Boulos e Erika Hilton anunciaram que disputarão as eleições de 2026 pelo PSOL, eliminando a possibilidade de migração imediata para outro partido.

O anúncio ocorre em meio à crise interna do PSOL, que recentemente rejeitou a formação de federação com o PT, decisão respaldada pela Lei nº 13.165/2015 sobre federações partidárias.
O grupo Revolução Solidária, liderado pelos dois políticos, inclui outros nomes de destaque da esquerda.

Quem compõe o Movimento Revolução Solidária?
- Deputada federal Luciene Cavalcanti (PSOL)
- Deputado federal Henrique Vieira (PSOL)
- Pré‑candidata à Câmara Natalia Boulos
- Deputados estaduais Carlos Gianazzi (SP) e Ediane Maria (SP)
- Deputados estaduais Renata Souza (RJ), Yuri Moura (RJ), Dani Monteiro (RJ) e Bella Gonçalves (MG)
- Vereador Rick Azevedo (SP)
Em nota oficial, o grupo reconheceu "grave erro" da maioria do partido ao rejeitar a federação, mas reafirmou a importância do PSOL para a esquerda brasileira.
A decisão tem implicações jurídicas: a saída de figuras-chave poderia comprometer a cláusula de barreira, que exige 2 % dos votos válidos a nível nacional para manutenção da representação partidária.
Qual o risco de inviabilização institucional do PSOL?
- 27/03/2026 – Boulos e Hilton anunciam candidatura pelo PSOL.
- 24/03/2026 – Direção do PSOL rejeita federação com o PT.
- 22/03/2026 – Debate interno sobre migração para o PT.
- 28/03/2026 – Publicação da nota do Revolução Solidária.
O presidente nacional do PSOL, Guilherme Boulos, destacou que a permanência dos membros reforça a capacidade do partido de superar a cláusula de barreira nas eleições de outubro.
Representantes do PT manifestaram abertura para futuras negociações, mas ressaltaram que a federação só seria viável se houver consenso interno de ambas as legendas.
Como a decisão afeta a aliança de esquerda na disputa presidencial?
O apoio ao presidente Lula permanece central; o grupo declara que continuará a lutar pela reeleição do mandatário, alinhando estratégias de campanha em todo o país.
Especialistas em direito eleitoral apontam que, caso Boulos e Hilton deixem o PSOL após a eleição, o partido deverá observar o prazo de 12 meses previsto no Art. 13 da Lei dos Partidos para mudanças de filiação.

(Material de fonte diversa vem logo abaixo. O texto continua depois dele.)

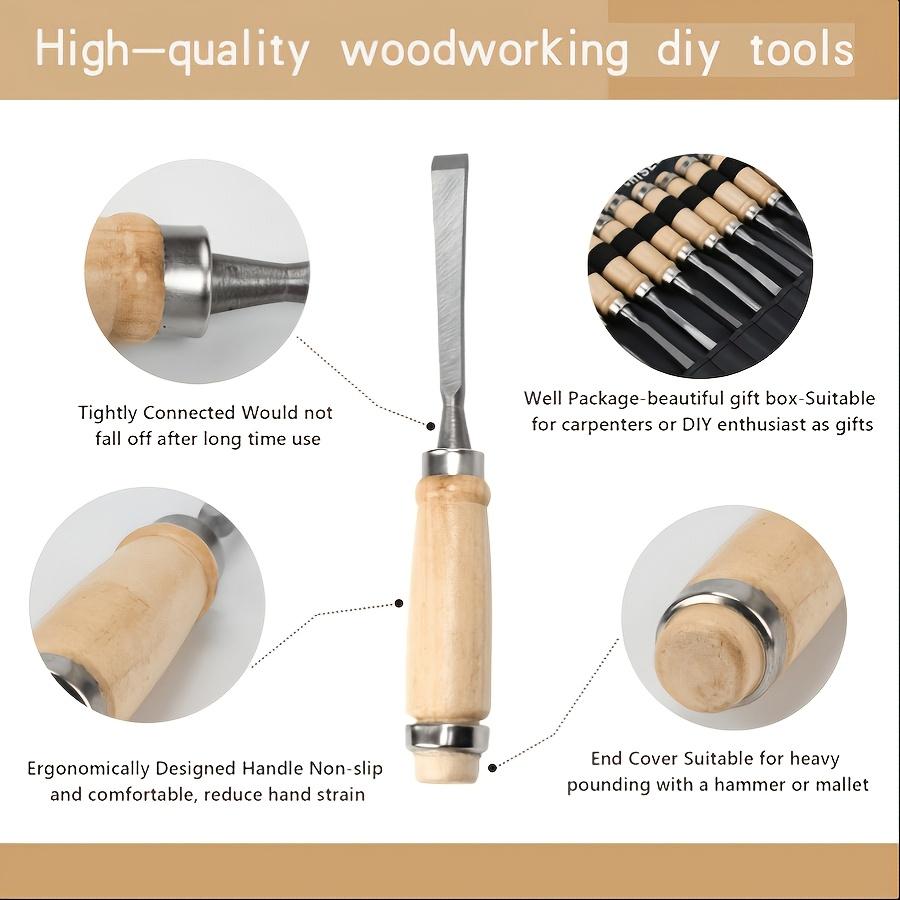 Wood Carving Tool Set 12 A chisel with a canvas case Woodworking chisel Woodworking tools and accessories Wood carving chisel Sharp Steel blade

O calendário eleitoral estabelece que a lista de candidatos deve ser submetida ao TSE até 15 abril, permitindo que o PSOL registre os nomes de Boulos e Hilton como candidatos oficiais.
O que acontece agora?
O PSOL encaminha a documentação ao Tribunal Superior Eleitoral, que avaliará a elegibilidade dos candidatos e a conformidade com a legislação partidária.
Se a candidatura for confirmada, Boulos e Hilton permanecerão no partido até o término do mandato, sendo que qualquer mudança posterior dependerá da aprovação da Justiça Eleitoral.